長年にわたってブロードウェイの第一線で活躍したコメディの名手ニール・サイモンが1990年代に取り組んだ自伝的作品「B・B三部作」のひとつである『ブロードウェイ・バウンド』。『ブライトン・ビーチ回顧録』『ビロクシー・ブルース』に続く完結編で、第二次世界大戦を経て青年となった主人公・ユージンが、家族への愛情と失望の狭間で揺れ動きながらも夢に向かう姿を描いた作品だ。

36年ぶりとなるPARCO劇場での上演では、2021年に東京芸術劇場プライハウスで上演された『ブライトン・ビーチ回顧録』に続いて演出・小山ゆうな、主演・佐藤勝利のタッグが実現。さらに松下由樹、神保悟志、入野自由が続投し、小島聖、浅野和之が参加して家族の物語を描き出す。初日を前に開幕前会見とプレスコールが行われた。

<開幕前会見レポート>

ーー初日を前にした心境や意気込みを教えてください。

佐藤:『ブライトン・ビーチ回顧録』から4年越しに『ブロードウェイ・バウンド』が開幕します。

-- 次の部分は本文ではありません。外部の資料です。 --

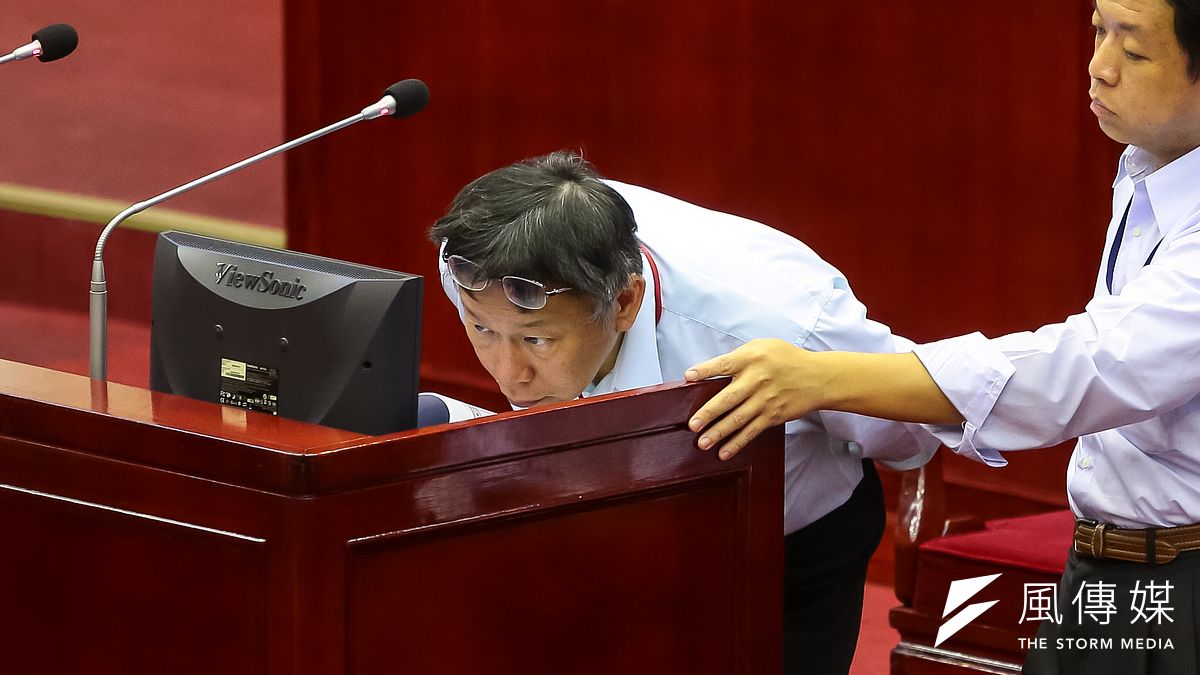 台北市長柯文哲指派日前涉關說請辭的台北市政府市長室前專員邱昱凱,遞補前田徑選手紀政辭職的空缺,出任公民參與委員會委員。(資料照,顏麟宇攝) 台北市長柯文哲指派日前涉關說請辭的台北市政府市長室前專員邱昱凱,遞補前田徑選手紀政辭職的空缺,出任公民參與委員會委員。(資料照,顏麟宇攝)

緊張感もありますが、お客様に楽しんでいただけるよう、エネルギッシュに演じたいです。4年ぶりに家族が集結でき、本当に暖かい現場で楽しくやらせていただいていますし、今回は小島さんと浅野さんが加わってくださり、すごく刺激をいただいています。

松下:初日を迎えるにあたって、大変緊張しています。あまりにも良い作品なので、それを楽しんでいただくには本当に集中して挑まなければと思っています。でも、お客様に楽しんでいただけるように初日を迎えたいです。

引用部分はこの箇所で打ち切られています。